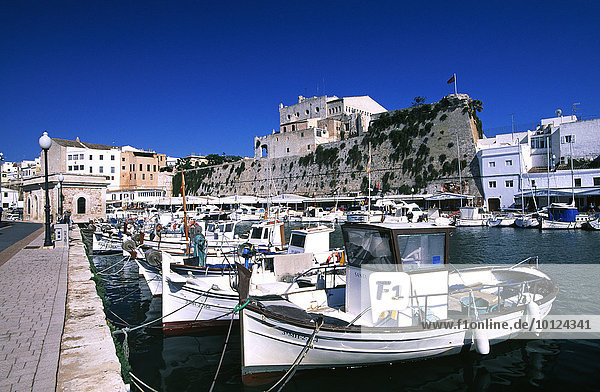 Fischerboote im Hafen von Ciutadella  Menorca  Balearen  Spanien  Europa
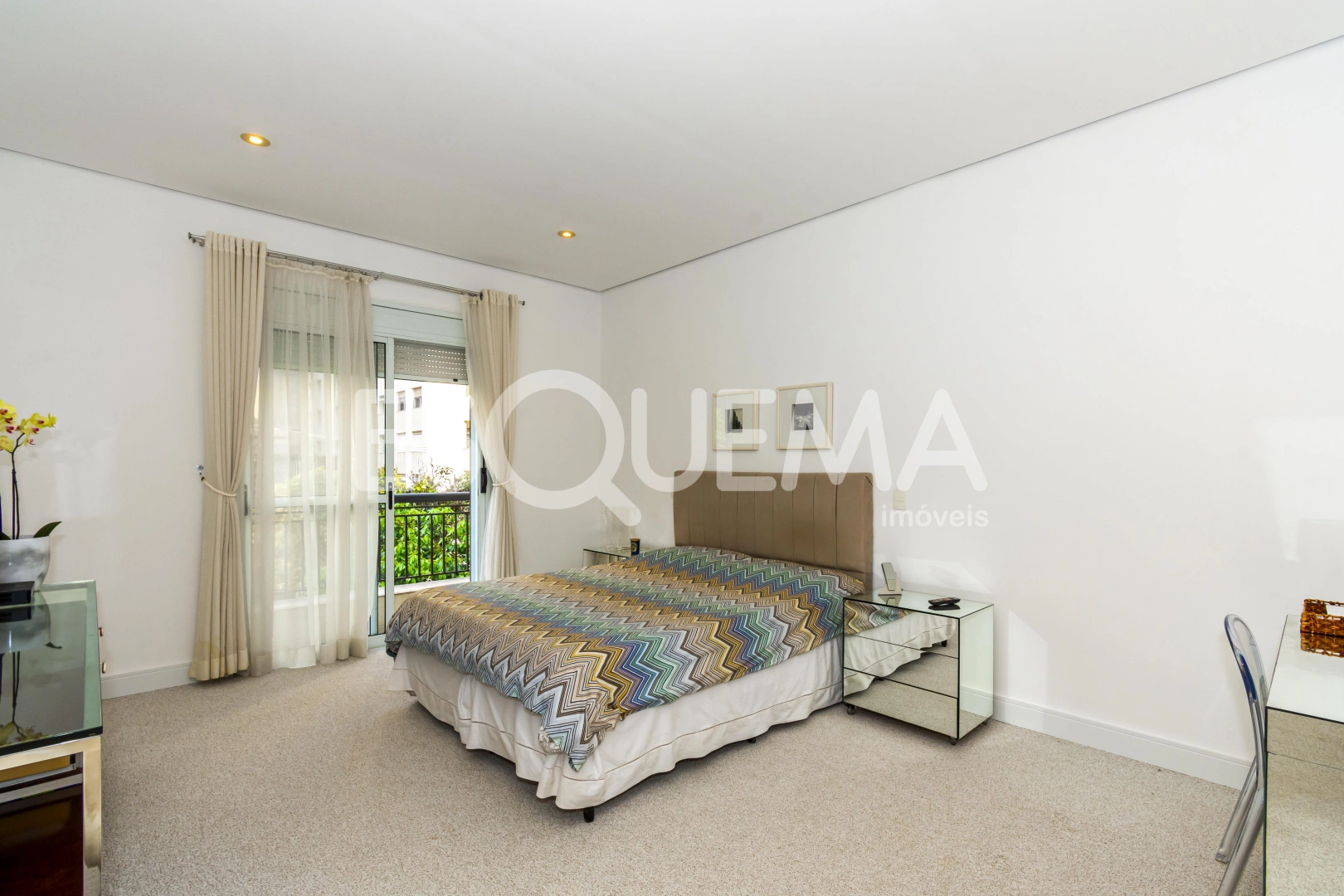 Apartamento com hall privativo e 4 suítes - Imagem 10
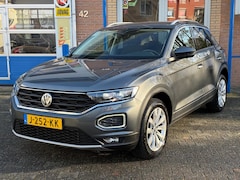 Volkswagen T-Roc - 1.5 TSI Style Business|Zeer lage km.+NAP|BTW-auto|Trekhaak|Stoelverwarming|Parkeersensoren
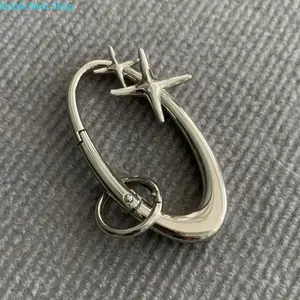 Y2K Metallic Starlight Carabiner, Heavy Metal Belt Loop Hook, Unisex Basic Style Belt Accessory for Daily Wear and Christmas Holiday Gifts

===

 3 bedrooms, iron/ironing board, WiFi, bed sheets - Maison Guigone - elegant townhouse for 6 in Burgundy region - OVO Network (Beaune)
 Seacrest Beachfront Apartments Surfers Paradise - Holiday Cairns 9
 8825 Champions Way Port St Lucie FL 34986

===

Problem to solve: Within the listing above, print exactly the stretch beginning at the line that contains "Volkswagen T-Roc - 1.5" and finishing at the line that contains "Y2K Metallic Starlight", ends kept, pictures left out, and nothing more.

Reply:
 Volkswagen T-Roc - 1.5 TSI Style Business|Zeer lage km.+NAP|BTW-auto|Trekhaak|Stoelverwarming|Parkeersensoren
 Y2K Metallic Starlight Carabiner, Heavy Metal Belt Loop Hook, Unisex Basic Style Belt Accessory for Daily Wear and Christmas Holiday Gifts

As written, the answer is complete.